The invention relates to a spun-bonded nonwoven fabric made of polyolefin filaments having a titer<1.6 dtex. The spun-bonded nonwoven fabric is characterized by special barrier properties.
The invention further relates to the manufacture of a laminate using the spun-bonded nonwoven fabric according to the invention, and use of the spun-bonded nonwoven fabric and use of the laminate manufactured using the spun-bonded nonwoven fabric.
Nonwoven fabrics are textile fabrics which may be manufactured in various ways. In addition to wet nonwoven fabric and dry nonwoven fabric manufacture, a distinction is made between melt spinning and melt blowing (melt-blown technology). The two technologies, melt spinning and melt blowing, have the advantage that the plastic granules may be directly converted to the finished fabric using an appropriate manufacturing unit. This is the basis for the comparatively high productivity of these units in nonwoven fabric manufacture.
In melt spinning, polymer granules are melted in an extruder, pressed through the openings (referred to as spinnerets) in a spinning plate, and after cooling are pneumatically or mechanically drawn. The drawing process determines the final strength of the filaments. After drawing, the filaments are deposited loose on a moving laydown belt, and in the region of the contacting intersection points are chemically or thermally bonded to produce so-called interlacing points. With increased bonding, the softness of the nonwoven fabric thus formed decreases and its flexural strength increases. Multiple superposed spun-bonded nonwoven fabric layers which are the same or different may be thermally bonded, for example by calendering, to produce a composite material (laminate).
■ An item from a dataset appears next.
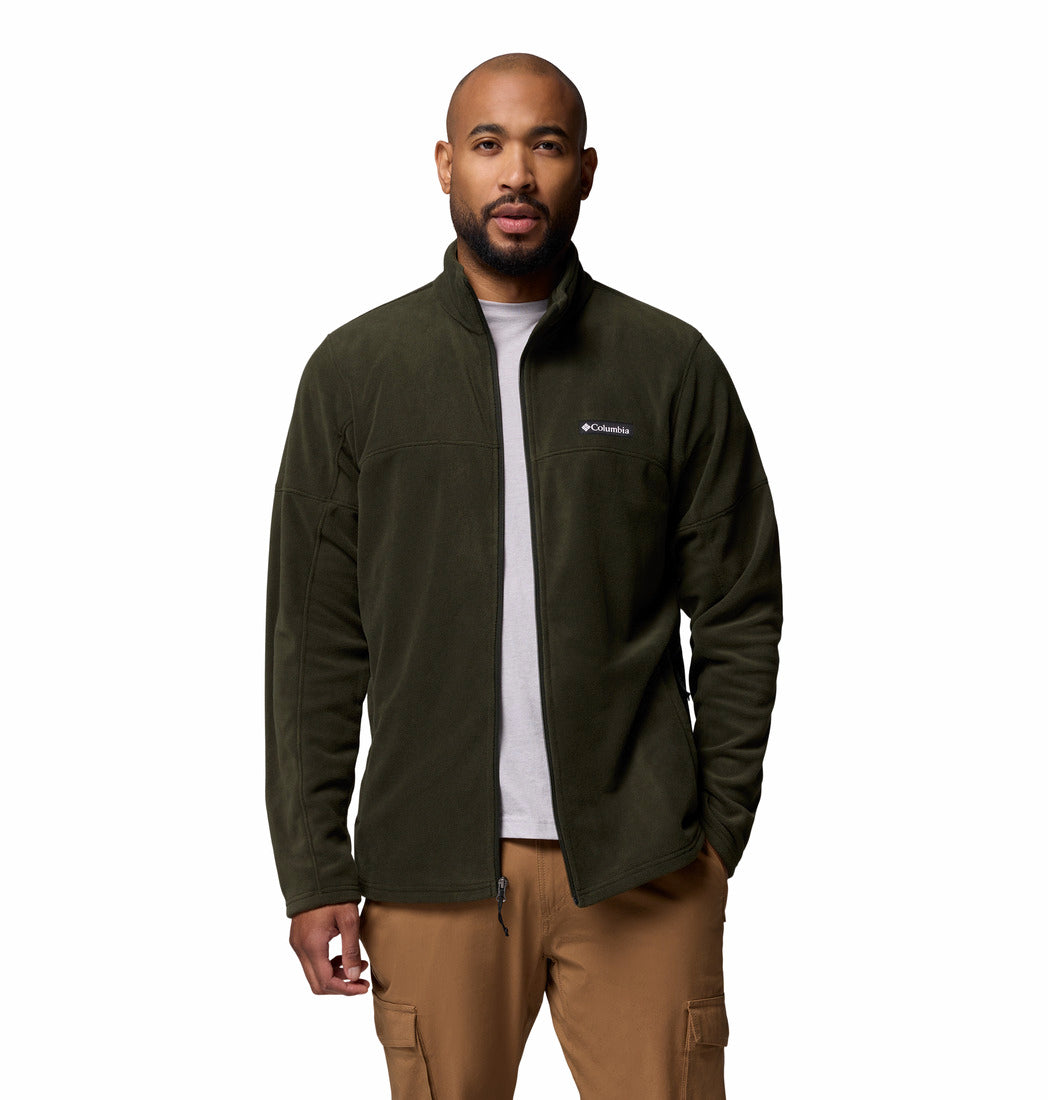 Saco Basin Trail™ Iii Full Zip Para Hombre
The productivity is lower for melt blowing than for melt spinning. As a result, the nonwoven fabrics produced by melt blowing (melt-blown technologies) have a lower mechanical load capacity than those produced by melt spinning. In comparison to melt spinning, however, melt blowing is technically more complex and therefore more costly.
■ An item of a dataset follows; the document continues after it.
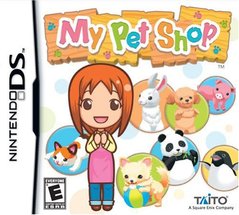 MY PET SHOP (usagé)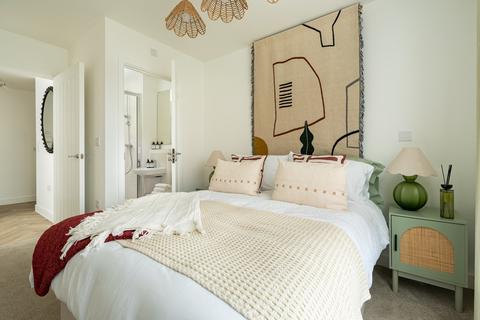 undefined, Kingswell Court - Plot 929 at Shorncliffe Heights, Shorncliffe Heights, Sales Information Centre CT20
The aim of low-cost nonwoven fabric manufacture, therefore, is to replace, or, for laminate manufacturing, to reduce, the nonwoven fabrics produced by melt blowing by nonwoven fabrics which ideally have been produced completely by melt spinning. However, this first requires that the barrier properties of the layers produced by melt spinning be significantly improved.
The barrier properties of a nonwoven fabric are characterized, among other factors, by its air permeability and waterproofness. The measure for the waterproofness is the water pressure, expressed in mbar or in cm of a water column, at which the first water droplets penetrate the test material at the third location on the test surface.
Various other measures are known from the prior art for improving the barrier properties of the nonwoven fabrics produced by melt spinning. In addition to coating the melted spun-bonded nonwoven fabrics and applying films for improving the barrier properties, these measures include above all the use of bicomponent fibers, for example core/sheath fibers or splittable fibers. Coatings or films disadvantageously result in additional raw material and manufacturing costs. The coatings or films may also adversely affect the breathability. The disadvantage of the bicomponent fibers is their high cost.
In addition, increasing the basis weight and using fibers with a greater degree of fineness are known measures for improving the barrier properties of spun-bonded nonwoven fabrics.
U.S. Pat. No. 5,885,909 describes a spun-bonded nonwoven fabric having fibers with a fineness of 1 denier or less and characterized by a Frazier air permeability of at least 70 m3/(m2·min) and a water column of at least 15 cm. The essence of the invention lies in the teaching that the pore size and thus the air permeability and waterproofness of the melt-spun nonwoven fabric produced from the filaments may be influenced by the filament hardness and the fineness of the filaments.